Assistant: I'm so sorry to hear that you're experiencing back pain. It's important to consult with a medical professional to determine the cause of your back pain and get proper treatment. In the meantime, here are some things you can try to help alleviate your discomfort:

* Take over-the-counter pain medication as directed.
* Apply heat or cold packs to the affected area.
* Practice good posture and lifting techniques to avoid exacerbating the problem.
* Engage in gentle stretching and exercise to help maintain flexibility and mobility.
* Consider visiting a physical therapist for further evaluation and treatment.

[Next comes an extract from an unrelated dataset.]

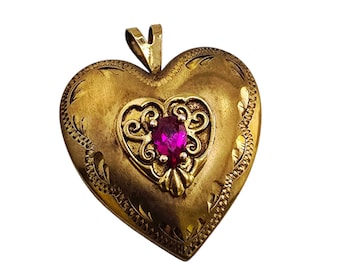 Vintage Gold Wash Over Sterling & Glass Etched Heart Pendant (A8664)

Please let me know if you have any other questions or concerns, or if there's anything else I can do to help.


# Conclusion :
In conclusion, the chatbot has been successfully developed and tested, demonstrating its ability to effectively assist clients by providing accurate and timely responses to inquiries. Its performance has met expectations, showcasing a robust understanding of user inputs and delivering relevant information consistently. With the model functioning perfectly, the next step is to implement a web interface that will allow users to interact with the chatbot seamlessly. This enhancement will provide a user-friendly platform, making the chatbot readily accessible to clients and further improving the overall customer experience.